Everything from the line containing "GHD Duet Style White 2 in 1 Hot Air Styler" down to the last line below should be set down exactly, and only that, without the pictures.

PROVIDED DATA:

<<<<

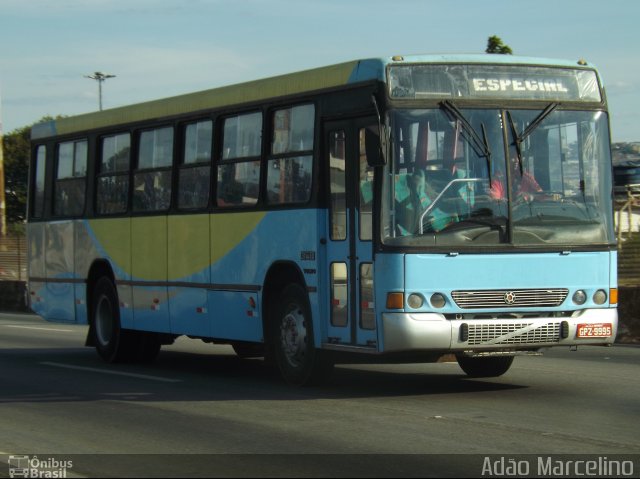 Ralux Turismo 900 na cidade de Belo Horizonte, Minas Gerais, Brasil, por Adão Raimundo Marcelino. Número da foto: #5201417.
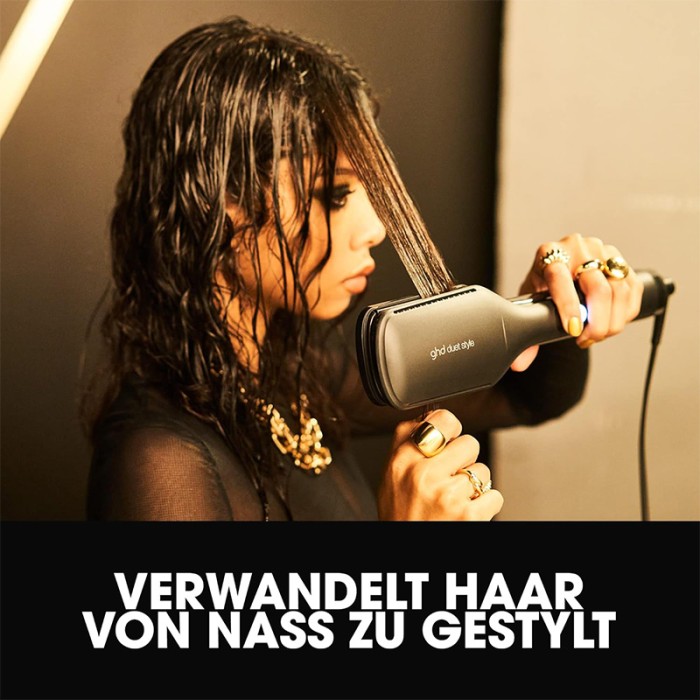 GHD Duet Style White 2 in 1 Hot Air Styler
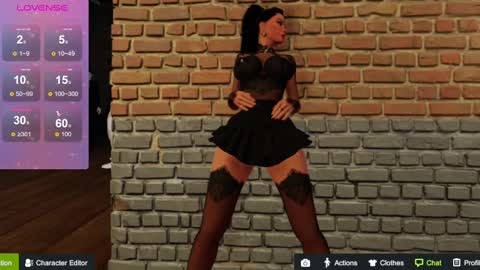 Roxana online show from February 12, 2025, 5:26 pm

>>>>

EXERCISE RESULT:
 GHD Duet Style White 2 in 1 Hot Air Styler
 Roxana online show from February 12, 2025, 5:26 pm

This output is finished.